Aim of the task:
Your answer should be the line containing "Yes! From Awareness" and each line after it through the end of the data below, repeated exactly.

(Stored data entries)
Start of Block
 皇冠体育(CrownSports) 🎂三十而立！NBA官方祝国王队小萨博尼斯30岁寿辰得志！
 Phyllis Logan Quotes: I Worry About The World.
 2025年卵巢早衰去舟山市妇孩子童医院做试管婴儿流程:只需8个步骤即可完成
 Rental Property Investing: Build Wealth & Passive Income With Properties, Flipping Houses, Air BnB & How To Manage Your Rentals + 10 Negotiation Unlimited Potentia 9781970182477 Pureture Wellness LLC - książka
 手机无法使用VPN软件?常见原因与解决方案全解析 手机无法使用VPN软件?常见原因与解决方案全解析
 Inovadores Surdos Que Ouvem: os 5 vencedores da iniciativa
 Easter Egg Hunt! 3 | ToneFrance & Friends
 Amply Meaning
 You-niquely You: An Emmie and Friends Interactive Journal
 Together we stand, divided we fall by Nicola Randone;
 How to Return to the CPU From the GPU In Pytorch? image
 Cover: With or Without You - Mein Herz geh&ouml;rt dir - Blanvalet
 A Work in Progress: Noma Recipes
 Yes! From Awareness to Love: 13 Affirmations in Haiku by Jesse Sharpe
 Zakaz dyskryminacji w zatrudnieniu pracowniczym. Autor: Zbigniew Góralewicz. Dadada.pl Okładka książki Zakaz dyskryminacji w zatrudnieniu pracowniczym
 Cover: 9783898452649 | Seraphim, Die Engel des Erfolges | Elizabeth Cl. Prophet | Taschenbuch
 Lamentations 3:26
End of Block
Result of this exercise:
 Yes! From Awareness to Love: 13 Affirmations in Haiku by Jesse Sharpe
 Zakaz dyskryminacji w zatrudnieniu pracowniczym. Autor: Zbigniew Góralewicz. Dadada.pl Okładka książki Zakaz dyskryminacji w zatrudnieniu pracowniczym
 Cover: 9783898452649 | Seraphim, Die Engel des Erfolges | Elizabeth Cl. Prophet | Taschenbuch
 Lamentations 3:26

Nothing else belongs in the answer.